Task brief:
Answer with the exact lines of the following material from the one containing "Indium Corporation EE Award" through the one containing "Film Django byl", both end lines included.

Records provided:
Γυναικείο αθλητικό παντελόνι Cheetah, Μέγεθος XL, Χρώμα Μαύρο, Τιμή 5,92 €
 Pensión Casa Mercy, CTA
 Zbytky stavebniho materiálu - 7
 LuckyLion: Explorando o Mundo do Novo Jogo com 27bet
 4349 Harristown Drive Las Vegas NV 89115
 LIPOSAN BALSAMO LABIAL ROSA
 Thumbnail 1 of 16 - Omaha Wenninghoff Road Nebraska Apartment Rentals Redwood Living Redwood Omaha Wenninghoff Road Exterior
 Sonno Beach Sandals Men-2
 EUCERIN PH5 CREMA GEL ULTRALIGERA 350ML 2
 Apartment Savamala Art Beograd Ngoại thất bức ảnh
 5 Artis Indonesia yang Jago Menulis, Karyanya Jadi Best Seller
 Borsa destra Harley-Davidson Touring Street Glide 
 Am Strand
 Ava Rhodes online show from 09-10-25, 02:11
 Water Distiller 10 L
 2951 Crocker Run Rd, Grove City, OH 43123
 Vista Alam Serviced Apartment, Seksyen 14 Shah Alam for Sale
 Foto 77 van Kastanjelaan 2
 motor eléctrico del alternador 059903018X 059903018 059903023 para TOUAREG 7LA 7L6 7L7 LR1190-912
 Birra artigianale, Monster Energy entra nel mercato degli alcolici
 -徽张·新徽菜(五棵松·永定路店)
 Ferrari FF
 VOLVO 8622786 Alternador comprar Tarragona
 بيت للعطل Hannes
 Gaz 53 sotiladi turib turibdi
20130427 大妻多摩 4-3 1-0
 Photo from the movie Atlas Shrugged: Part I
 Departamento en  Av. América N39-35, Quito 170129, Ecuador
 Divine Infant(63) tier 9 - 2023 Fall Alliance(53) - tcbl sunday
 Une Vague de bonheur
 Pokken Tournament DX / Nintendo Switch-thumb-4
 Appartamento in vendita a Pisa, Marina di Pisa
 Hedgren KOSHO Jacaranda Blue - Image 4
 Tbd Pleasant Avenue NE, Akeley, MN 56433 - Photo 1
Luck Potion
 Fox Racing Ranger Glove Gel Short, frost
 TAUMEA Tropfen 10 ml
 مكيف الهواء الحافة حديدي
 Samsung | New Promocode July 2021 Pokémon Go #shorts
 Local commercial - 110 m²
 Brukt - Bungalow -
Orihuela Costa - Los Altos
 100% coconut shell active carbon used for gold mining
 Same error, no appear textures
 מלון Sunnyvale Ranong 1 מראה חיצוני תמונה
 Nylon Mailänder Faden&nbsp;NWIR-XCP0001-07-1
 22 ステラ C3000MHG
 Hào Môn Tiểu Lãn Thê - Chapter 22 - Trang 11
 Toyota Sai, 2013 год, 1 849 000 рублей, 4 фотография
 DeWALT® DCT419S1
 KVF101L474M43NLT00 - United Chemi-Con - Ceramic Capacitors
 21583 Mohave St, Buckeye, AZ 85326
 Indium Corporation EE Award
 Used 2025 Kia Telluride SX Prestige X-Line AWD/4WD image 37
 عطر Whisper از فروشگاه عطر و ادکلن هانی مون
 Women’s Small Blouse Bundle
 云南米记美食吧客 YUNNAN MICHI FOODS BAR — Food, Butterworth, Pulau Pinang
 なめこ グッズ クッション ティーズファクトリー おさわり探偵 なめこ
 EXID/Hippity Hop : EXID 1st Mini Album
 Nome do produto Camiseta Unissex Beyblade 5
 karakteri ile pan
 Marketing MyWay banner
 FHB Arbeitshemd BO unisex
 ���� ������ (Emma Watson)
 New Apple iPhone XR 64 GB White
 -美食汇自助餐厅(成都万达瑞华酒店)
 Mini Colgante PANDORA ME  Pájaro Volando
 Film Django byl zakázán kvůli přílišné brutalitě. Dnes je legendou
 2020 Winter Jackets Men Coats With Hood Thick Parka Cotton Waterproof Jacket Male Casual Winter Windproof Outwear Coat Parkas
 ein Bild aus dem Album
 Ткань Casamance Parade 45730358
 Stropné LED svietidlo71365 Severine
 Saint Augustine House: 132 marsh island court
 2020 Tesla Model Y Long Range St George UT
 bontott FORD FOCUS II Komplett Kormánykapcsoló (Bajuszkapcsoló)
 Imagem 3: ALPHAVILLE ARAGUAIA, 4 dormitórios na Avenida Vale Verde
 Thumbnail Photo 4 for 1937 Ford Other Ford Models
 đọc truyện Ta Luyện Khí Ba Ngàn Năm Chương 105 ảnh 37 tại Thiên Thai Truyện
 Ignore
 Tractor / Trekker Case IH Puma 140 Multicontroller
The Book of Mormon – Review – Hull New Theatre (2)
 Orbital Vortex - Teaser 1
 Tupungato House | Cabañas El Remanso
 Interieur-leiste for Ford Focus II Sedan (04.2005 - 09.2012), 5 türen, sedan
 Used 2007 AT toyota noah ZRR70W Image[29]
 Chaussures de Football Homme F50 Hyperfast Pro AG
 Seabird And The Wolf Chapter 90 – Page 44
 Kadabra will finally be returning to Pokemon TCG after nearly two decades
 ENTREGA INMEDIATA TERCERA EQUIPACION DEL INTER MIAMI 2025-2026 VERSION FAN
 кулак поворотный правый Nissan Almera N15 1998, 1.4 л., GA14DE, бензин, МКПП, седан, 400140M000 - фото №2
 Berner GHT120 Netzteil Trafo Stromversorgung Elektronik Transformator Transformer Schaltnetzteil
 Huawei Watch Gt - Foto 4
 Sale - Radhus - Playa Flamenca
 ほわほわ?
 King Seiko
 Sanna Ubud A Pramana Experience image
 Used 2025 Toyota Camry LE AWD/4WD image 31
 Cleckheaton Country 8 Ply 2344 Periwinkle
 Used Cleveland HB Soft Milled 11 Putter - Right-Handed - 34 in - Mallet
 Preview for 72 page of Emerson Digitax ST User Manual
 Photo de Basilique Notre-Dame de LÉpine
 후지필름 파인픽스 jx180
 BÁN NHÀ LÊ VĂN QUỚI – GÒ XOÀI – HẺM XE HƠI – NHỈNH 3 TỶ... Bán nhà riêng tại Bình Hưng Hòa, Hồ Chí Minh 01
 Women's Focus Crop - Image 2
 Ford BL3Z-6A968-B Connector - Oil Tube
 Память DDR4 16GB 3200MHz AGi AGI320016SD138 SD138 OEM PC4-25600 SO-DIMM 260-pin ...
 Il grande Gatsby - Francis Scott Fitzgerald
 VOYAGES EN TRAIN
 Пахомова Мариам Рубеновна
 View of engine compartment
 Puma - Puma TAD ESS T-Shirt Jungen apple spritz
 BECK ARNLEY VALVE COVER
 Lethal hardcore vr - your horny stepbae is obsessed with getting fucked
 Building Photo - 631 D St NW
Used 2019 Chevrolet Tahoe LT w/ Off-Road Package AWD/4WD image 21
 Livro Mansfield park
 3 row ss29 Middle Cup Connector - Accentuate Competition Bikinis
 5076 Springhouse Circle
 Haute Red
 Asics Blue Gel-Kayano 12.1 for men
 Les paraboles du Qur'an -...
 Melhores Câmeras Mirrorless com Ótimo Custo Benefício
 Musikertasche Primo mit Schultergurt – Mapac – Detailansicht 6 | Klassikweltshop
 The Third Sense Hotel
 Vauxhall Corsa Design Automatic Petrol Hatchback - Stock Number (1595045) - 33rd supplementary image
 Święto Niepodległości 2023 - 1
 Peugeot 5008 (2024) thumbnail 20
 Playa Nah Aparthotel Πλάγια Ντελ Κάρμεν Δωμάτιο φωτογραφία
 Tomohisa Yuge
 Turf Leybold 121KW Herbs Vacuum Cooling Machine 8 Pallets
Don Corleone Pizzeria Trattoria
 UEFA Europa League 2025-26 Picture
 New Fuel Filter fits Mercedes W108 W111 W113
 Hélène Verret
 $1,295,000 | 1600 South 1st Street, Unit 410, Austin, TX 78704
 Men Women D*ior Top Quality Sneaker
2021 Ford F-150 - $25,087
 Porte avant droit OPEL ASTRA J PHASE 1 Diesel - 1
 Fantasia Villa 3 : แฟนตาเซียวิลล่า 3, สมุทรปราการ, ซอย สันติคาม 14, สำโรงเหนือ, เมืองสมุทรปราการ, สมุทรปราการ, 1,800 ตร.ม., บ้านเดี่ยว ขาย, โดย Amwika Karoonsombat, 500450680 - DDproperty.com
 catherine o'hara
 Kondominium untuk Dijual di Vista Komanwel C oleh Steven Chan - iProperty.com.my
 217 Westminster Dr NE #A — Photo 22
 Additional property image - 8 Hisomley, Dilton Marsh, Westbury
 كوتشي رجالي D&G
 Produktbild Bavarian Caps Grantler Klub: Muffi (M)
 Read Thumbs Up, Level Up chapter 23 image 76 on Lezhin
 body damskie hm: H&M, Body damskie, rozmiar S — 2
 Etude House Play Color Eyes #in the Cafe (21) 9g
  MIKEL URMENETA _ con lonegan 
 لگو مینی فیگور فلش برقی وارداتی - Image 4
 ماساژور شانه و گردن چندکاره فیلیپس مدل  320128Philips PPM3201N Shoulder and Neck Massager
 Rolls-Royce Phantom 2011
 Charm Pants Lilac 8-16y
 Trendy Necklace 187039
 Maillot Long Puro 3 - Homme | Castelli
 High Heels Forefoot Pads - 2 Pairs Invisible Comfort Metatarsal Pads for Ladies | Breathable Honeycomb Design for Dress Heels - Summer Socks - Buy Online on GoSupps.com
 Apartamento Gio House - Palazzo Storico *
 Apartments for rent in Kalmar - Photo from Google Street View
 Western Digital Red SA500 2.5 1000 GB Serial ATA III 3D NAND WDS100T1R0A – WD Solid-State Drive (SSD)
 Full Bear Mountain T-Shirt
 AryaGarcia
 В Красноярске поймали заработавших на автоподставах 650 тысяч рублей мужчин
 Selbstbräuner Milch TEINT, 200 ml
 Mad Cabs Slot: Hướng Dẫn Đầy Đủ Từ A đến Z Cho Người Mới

Task result:
 Indium Corporation EE Award
 Used 2025 Kia Telluride SX Prestige X-Line AWD/4WD image 37
 عطر Whisper از فروشگاه عطر و ادکلن هانی مون
 Women’s Small Blouse Bundle
 云南米记美食吧客 YUNNAN MICHI FOODS BAR — Food, Butterworth, Pulau Pinang
 なめこ グッズ クッション ティーズファクトリー おさわり探偵 なめこ
 EXID/Hippity Hop : EXID 1st Mini Album
 Nome do produto Camiseta Unissex Beyblade 5
 karakteri ile pan
 Marketing MyWay banner
 FHB Arbeitshemd BO unisex
 ���� ������ (Emma Watson)
 New Apple iPhone XR 64 GB White
 -美食汇自助餐厅(成都万达瑞华酒店)
 Mini Colgante PANDORA ME  Pájaro Volando
 Film Django byl zakázán kvůli přílišné brutalitě. Dnes je legendou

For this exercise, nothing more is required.